The problem is 1 + 2 + 2^2 + ... + 2^(n-1) = (2^n) - 1

I'm just confused on how to add the next term to both sides because the next term is 2^n so when you plug n into the other side it doesn't change. Or is that correct?

Base step: Plug in n = 1:
1 = 2^(1) - 1 = 1, so this checks out

Then we assume that 1 + 2 + 2² + ... + 2^(n - 1) = 2^(n) - 1 is true.
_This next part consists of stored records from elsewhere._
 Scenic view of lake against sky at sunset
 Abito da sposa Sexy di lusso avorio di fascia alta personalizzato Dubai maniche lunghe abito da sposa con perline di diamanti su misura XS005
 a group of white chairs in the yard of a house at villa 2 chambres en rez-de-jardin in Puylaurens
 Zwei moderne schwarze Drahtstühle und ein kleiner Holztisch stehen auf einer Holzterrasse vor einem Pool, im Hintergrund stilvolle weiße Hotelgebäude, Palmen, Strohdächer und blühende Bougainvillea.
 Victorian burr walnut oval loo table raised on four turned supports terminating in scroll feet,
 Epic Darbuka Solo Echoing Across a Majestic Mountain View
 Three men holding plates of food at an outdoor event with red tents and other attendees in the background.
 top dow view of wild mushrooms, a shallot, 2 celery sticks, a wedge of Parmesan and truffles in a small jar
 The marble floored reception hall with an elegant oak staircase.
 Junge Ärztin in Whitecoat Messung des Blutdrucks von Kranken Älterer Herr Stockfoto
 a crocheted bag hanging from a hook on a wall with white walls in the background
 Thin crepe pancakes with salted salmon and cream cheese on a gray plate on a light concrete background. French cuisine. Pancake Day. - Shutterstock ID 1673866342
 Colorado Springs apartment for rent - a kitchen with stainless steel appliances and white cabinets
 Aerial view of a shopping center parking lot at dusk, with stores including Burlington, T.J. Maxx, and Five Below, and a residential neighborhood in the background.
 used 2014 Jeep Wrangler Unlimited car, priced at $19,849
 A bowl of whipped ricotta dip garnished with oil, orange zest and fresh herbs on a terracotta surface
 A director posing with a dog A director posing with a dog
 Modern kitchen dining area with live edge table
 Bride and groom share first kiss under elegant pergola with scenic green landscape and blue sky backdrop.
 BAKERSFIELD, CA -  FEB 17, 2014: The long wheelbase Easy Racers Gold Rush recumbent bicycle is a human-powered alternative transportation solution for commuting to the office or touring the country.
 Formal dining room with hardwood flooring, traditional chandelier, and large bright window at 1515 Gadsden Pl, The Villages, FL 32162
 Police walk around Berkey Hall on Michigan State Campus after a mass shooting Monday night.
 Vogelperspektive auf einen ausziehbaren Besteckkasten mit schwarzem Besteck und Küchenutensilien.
With this assumption, we look at the case where we replace n with n+1. Plugging this into the left side we get:
1 + 2 + 2² + ... + 2^(n - 1) + 2^((n + 1) - 1)

This is the same as:
1 + 2 + 2² + ... + 2^(n - 1) + 2^(n)

Then remember that we assumed 1 + 2 + 2² + ... + 2^(n - 1) = 2^(n) - 1 is true, so we can rewrite the above statement as:
[1 + 2 + 2² + ... + 2^(n - 1)] + 2^(n) = [2^(n) - 1)] + 2^(n)

Now we want to show that this equals 2^(n+1) - 1. So we apply some algebra:
2^(n) - 1 + 2^(n)
= 2*2^(n) - 1
= 2^(n + 1) - 1

Thus we have shown:
1 + 2 + 2² + ... + 2^(n - 1) + 2^((n + 1) - 1) = 2^(n+1) - 1

This means we have proven the case of n+1 and by mathematical induction, 1 + 2 + 2^2 + ... + 2^(n-1) = (2^n) - 1 follows.

Not as confused as I am